# Best way to clean out gunked up engine!?



## mrkanda (Mar 15, 2004)

Hello,

I have a car that has been sitting around for a few years not really being used. It has only had about 2k miles put on it in the last 4 years but only has about 87k miles on it. Now it has low oil pressure and really bad knocking sound when I turn it on. I'm pretty sure that it is gunked up inside and may have a bad oil pump. Could anyone tell me how to best clean out the gunk and hopefully save my engine. I did get the oil changed a little while ago, so it looks clean, but it doesn't run that way. Please help. Thanks!

Sincerely,
Mrkanda Fitch


----------



## Bror Jace (Apr 26, 2003)

I'm not a fan of most flushes.

Cheap, kerosene-based flushes can do a lot of damage ... and if your car has a lot of gunk, removing it all at once can plug up oil passages and cause oil starvation in places ... and possible damage.

This stuff (ester-based) has a strong following:

http://www.auto-rx.com/

But I've never used it ... never felt a need to.

I'd run gas/diesel engine oil (15W-40) for a couple short (2,000 miles) intervals. This stuff has a much stronger detergent and dispersant package and will clean your motor. I like Chevron Delo400 the best but there are no 'bad' 15W-40 oils that I know of.

Watch for this oil to turn dark quite quickly as it cleans.

This is a relatively inexpensive and very safe way to flush your motor out.


----------



## sunnysentra (Jul 24, 2002)

I would get some BG products. they work well. I used the BG 44K in the gas and cleaned the carbon off the pistons and valves. 

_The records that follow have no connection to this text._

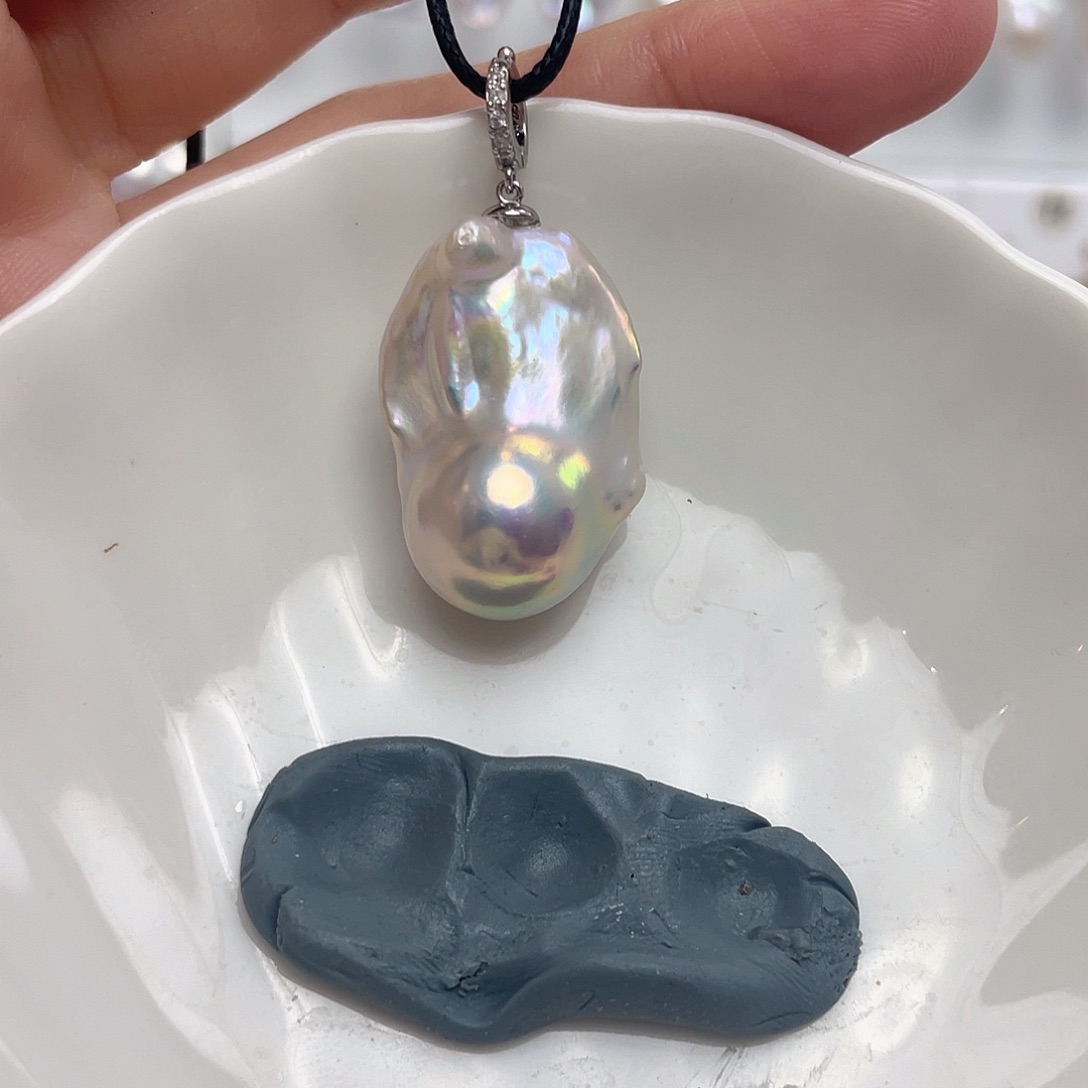 K***i未镶嵌淡水珍珠天然淡水珍珠巴洛克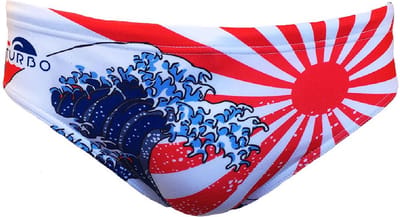 Turbo Japan Kanji Zwemslip Rood,Blauw S Man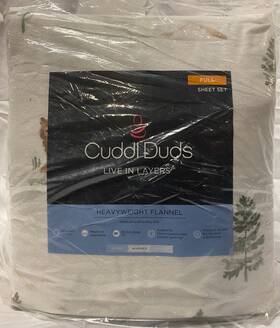 Cuddl Duds 400511768855 4 Pcs Full Forest Design Heavyweight Flannel Sheet Set New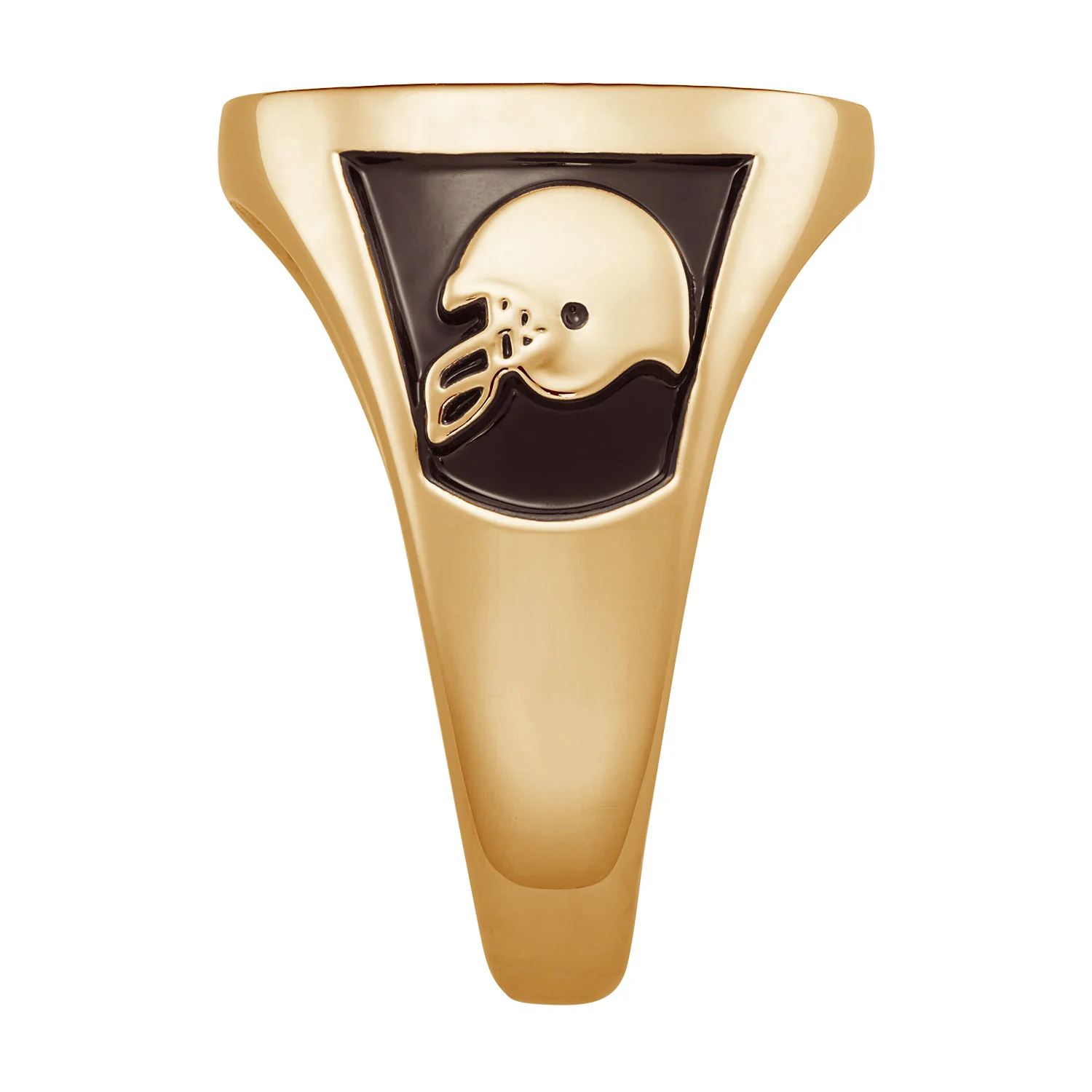 14K Gold over Sterling Men's Monogram Oval Class Ring - Image 3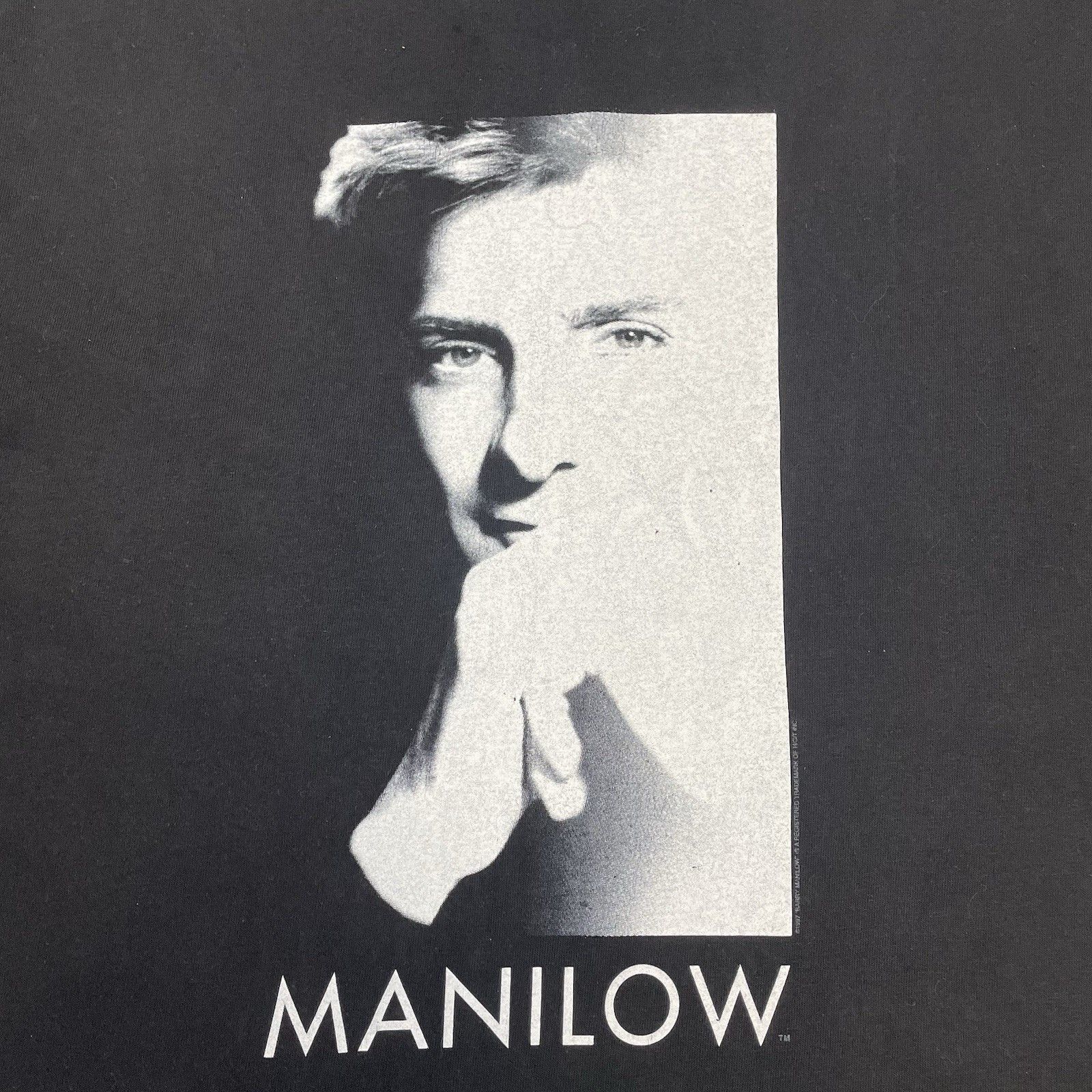 Other Vintage Winterland Barry Manilow Tour Single Stitch T Shirt Size US L / EU 52-54 / 3 - 3 Thumbnail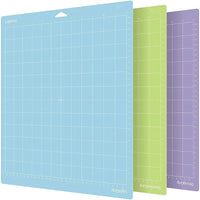 craftercuts 1/3Pcs New Mixed Color Engraving Machine Base Plate Cutting Mat for Cricut/cameo 4 with Adhesive Pvc Cutting Mats 33X35Cm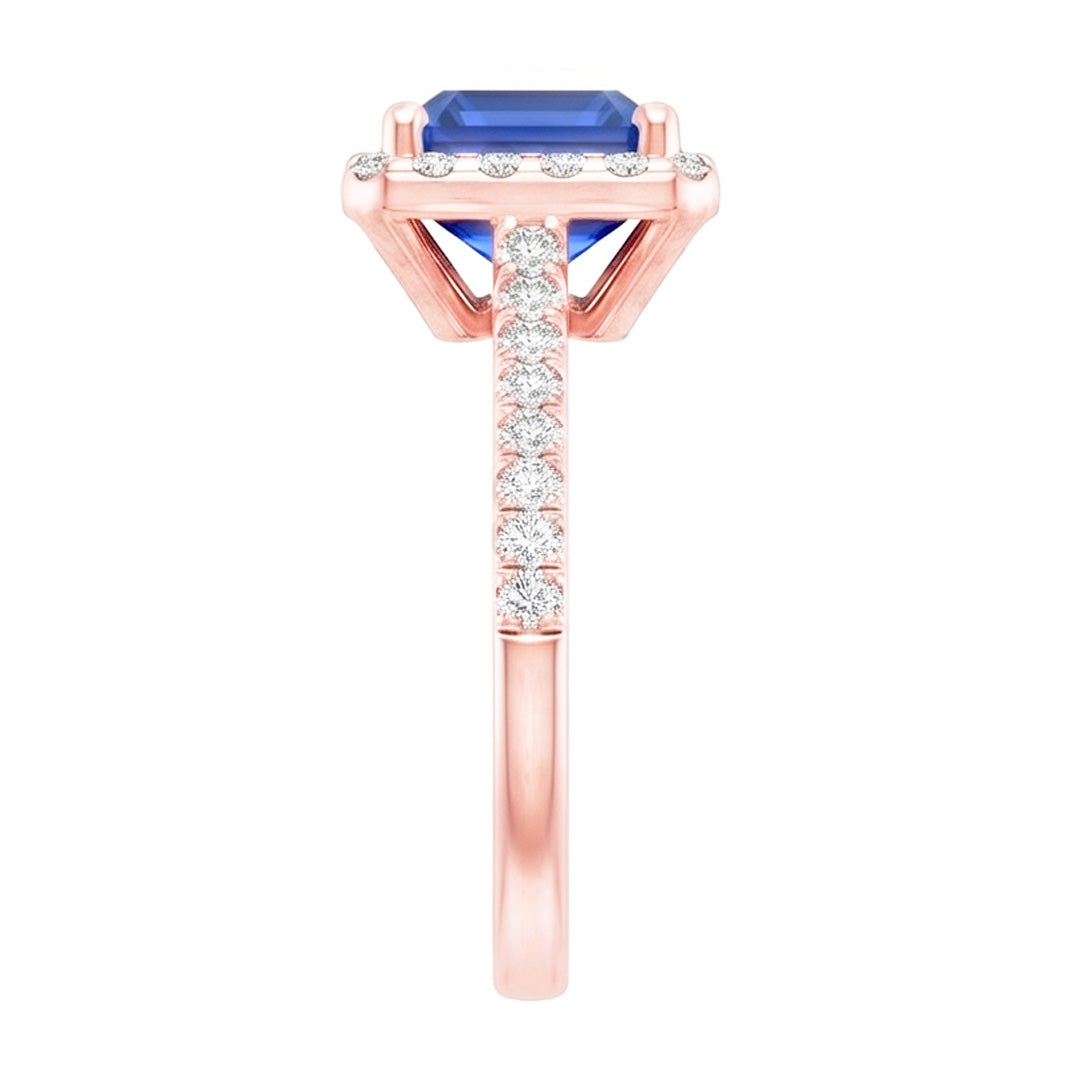 Echter Diamant Ring 5.25 Karat - 14K Roségold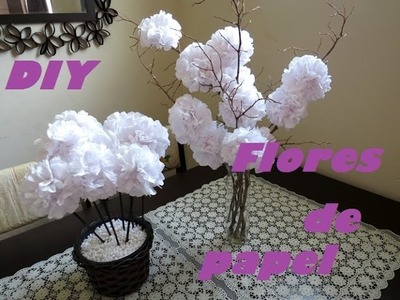 DIY Flores de papel higiênico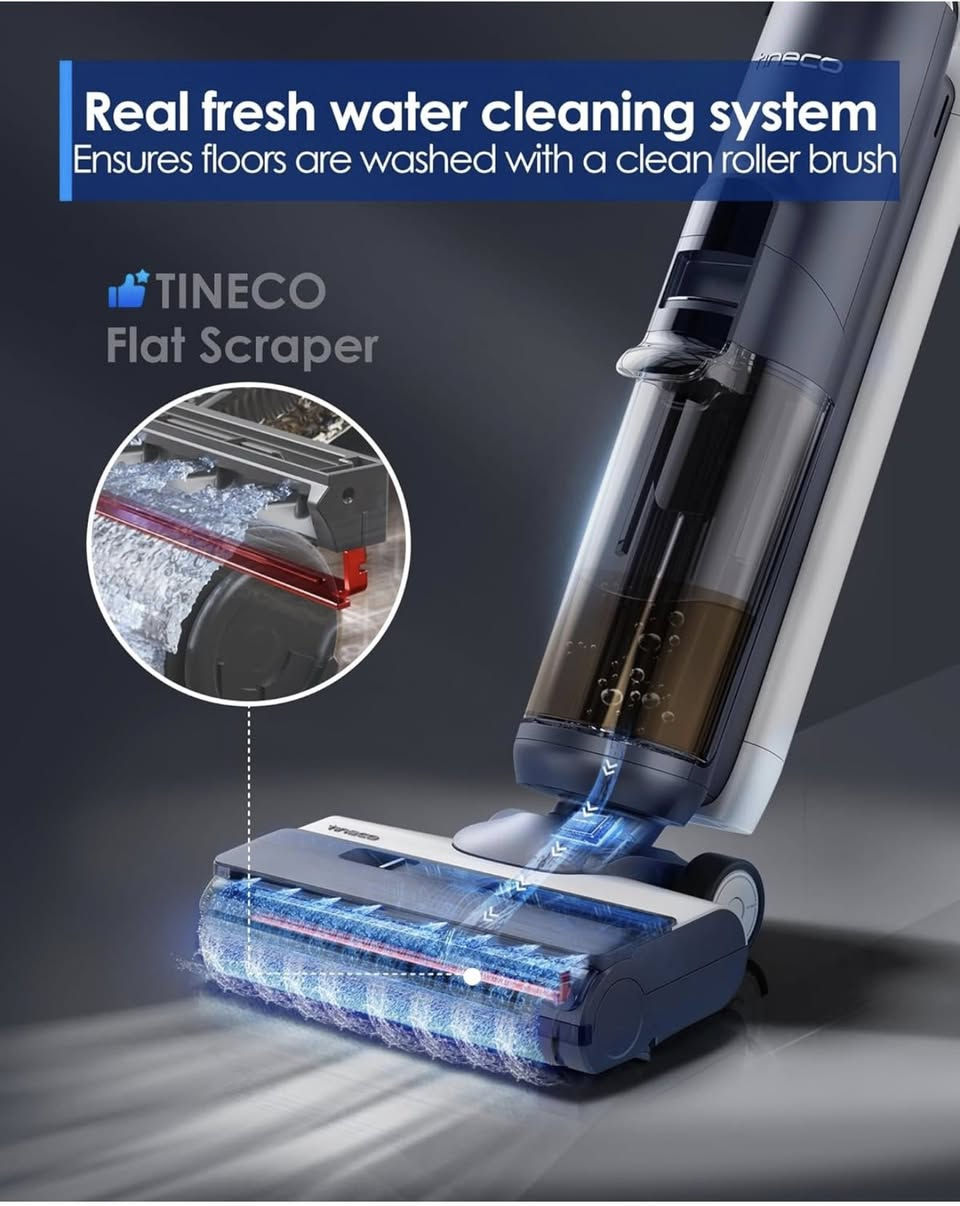 متوفر من شركة Tineco البريطانية💐

مكنسة كنس ومسح  Tineco Floor One S5 Extreme  

مكنسة كهربائية الكل في واحد للرطب والجاف، 
شحن سمارت مع تصميم خزان مزدوج، 
| شاشة LED ذاتية التنظيف للأرضيات الصلبة وشعر الحيوانات الأليفة،

Tineco Smarter Vacuum & Mop 2-In-1 – تنظيف الأوساخ الرطبة والجافة وإزالة الأوساخ الصلبة واللزجة بسهولة على الأرضيات الصلبة. مع تقنية المستشعر الذكي Tineco iLoop، تقوم المكنسة الكهربائية الرطبة والجافة تلقائيًا بضبط قوة الشفط وتدفق المياه وسرعة فرشاة الفرشاة لتنظيف جميع الأوساخ.

أداء تنظيف من الدرجة الأولى - يمكن للفرشاة الدوارة Floor One S5 الحصرية أن تنزلق بالقرب من الألواح وتنظف الزوايا التي يصعب الوصول إليها. ستصبح أرضياتك جافة تمامًا وخالية من الخطوط في دقائق معدودة.

خزان مزدوج بسعة أكبر - خزان المياه أكبر بنسبة 30% من الطابق الأول الأخير، لذا يمكنك تنظيف مساحات أكبر دون انقطاع. يعمل نظام الخزان المزدوج للمكانس الكهربائية Tineco على فصل المياه النظيفة عن المياه المتسخة، لذلك يمكنك دائمًا التنظيف باستخدام المياه العذبة والمنظفات.

سهولة الصيانة – لا تلمس الأسطوانة المتسخة مرة أخرى أبدًا. تعمل وظيفة التنظيف الذاتي للمكنسة الكهربائية الرطبة والجافة على مسح الخط الداخلي ولفافة الفرشاة تلقائيًا وتتيح إجراء صيانة سريعة ونظيفة. فلتر الشعر يجعل من السهل إزالة شعر الحيوانات الأليفة. تسهل قاعدة الشحن 3 في 1 تخزين الوحدة وشحنها.

التنظيف الذاتي والتوجيه الصوتي - يعمل التنظيف الذاتي Floor One S5 على تنظيف بكرات الفرشاة والخرطوم تمامًا بضغطة واحدة للصيانة بدون استخدام اليدين. بعد التنظيف، يقوم التجفيف بالطرد المركزي بإزالة الماء من الأسطوانة بشكل فعال. يمكنك أيضًا مراقبة أداء التنظيف باستخدام المساعد الصوتي، الذي يوفر تذكيرات مفيدة للصيانة.

جديدة لوك مع كافة ملحقات👍
السعر 250 الف💐


**إذا كنت صاحب هذا الإعلان وتريد حذفه لأي سبب، رجاءا أرسل رسالة إلى الدعم الفني**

I hate to say it but if you hear a knocking sound, if the wrist pin and main bearings have not had oil on them for that long, they are dry and you damaged them by starting the motor up. the best way properly is to prime the engine with oil through the oil passages with pressure, then crank the motor without fuel and spark to just turn the thing over. When you store a motor, you should drop in 2 teaspoons of oil in the cylinders and start it up and then qucikly shut if off to get oil residue on the cylinders and piston skirts. 

Chris 92 classic


----------